*EXERCISE INPUT*:
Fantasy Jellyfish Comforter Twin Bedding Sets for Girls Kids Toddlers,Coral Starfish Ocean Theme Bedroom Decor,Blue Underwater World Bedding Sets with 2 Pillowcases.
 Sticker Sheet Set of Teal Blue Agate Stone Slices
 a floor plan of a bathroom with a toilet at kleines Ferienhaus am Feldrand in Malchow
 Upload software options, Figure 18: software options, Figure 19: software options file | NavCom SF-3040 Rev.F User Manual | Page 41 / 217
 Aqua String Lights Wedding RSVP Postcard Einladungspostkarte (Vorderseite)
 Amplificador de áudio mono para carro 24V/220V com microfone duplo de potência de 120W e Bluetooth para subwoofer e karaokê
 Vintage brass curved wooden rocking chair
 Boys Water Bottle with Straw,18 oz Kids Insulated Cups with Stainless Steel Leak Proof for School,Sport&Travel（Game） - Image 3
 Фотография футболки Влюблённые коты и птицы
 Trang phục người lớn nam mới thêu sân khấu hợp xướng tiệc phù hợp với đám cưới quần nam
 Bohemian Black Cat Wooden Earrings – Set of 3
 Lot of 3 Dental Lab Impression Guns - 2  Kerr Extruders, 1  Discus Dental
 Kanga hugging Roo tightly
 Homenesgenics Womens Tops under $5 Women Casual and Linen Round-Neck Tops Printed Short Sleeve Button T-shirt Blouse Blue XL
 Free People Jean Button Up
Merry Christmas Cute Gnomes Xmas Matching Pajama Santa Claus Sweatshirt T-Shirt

*WORK TO COMPLETE*: In the records above, return only the line that contains "Vintage brass curved wooden rocking chair" and every line after it through the last, exactly as they appear.

*COMPLETED TASK*:
 Vintage brass curved wooden rocking chair
 Boys Water Bottle with Straw,18 oz Kids Insulated Cups with Stainless Steel Leak Proof for School,Sport&Travel（Game） - Image 3
 Фотография футболки Влюблённые коты и птицы
 Trang phục người lớn nam mới thêu sân khấu hợp xướng tiệc phù hợp với đám cưới quần nam
 Bohemian Black Cat Wooden Earrings – Set of 3
 Lot of 3 Dental Lab Impression Guns - 2  Kerr Extruders, 1  Discus Dental
 Kanga hugging Roo tightly
 Homenesgenics Womens Tops under $5 Women Casual and Linen Round-Neck Tops Printed Short Sleeve Button T-shirt Blouse Blue XL
 Free People Jean Button Up
Merry Christmas Cute Gnomes Xmas Matching Pajama Santa Claus Sweatshirt T-Shirt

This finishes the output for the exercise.